Ruby’s birthday was last month–she turned two! I just wanted to jot down a few memories of the day before they get lost in the deluge of time. It was a crazy day, I had just gotten back from visiting my parents in Fargo the day before so everything was a mess. But I made a cake, and put sprinkles on it, and had Wesley and Amy over for cake and presents.
Ruby loved the cake. She blew the candles out all by herself, although she put her nose right into one of the flames and got a smoke smudge on it. She carefully ate every sprinkle off of her plate before beginning to try to pick every sprinkle off of the rest of the cake. She seemed intent on this until Kyle pulled out her presents (unwrapped; remember how the day was a mess? It’s a good thing she’s two and doesn’t care). She saw the box and jumped off the chair to get the goods. I was glad we didn’t have a tantrum over the cake. Kyle and I gave her a baby doll, who she named Baby Sherman, and a baby doll stroller, which has been a huge hit. Ruby likes to sit in it, she likes to put her dolls in it, and one day she even convinced Amy to put to the real Sherman in it. (He actually fit pretty well, but he didn’t really like sitting in it.) Basically, the stroller has wheels, so it’s the best thing ever. If I ever fold it up after she goes to bed, the first thing she does is come and unfold it. She’s even run Sherman over with it a few times.
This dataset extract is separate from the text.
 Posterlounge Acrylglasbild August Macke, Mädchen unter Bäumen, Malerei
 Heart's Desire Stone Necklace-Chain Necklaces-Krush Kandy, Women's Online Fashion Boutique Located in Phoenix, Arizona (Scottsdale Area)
And just like that my sweet little girl is two. We’ve been looking at pictures of her when she was a baby, and she inevitably points to herself and says, “Baby Sherman!” I’ve explained–but she doesn’t seem to understand–that once upon a time she, too, was a tiny and adorable baby. This whole getting big process happens so slowly, but it seems so drastic when I look at pictures from when she was Sherman’s size. I would say I miss my baby Ruby, but I really don’t. It’s important to love her at the age and size she is now instead of becoming nostalgic for a moment that has passed. The present is so ephemeral; it’s good to appreciate who she is right now. It won’t be the same again.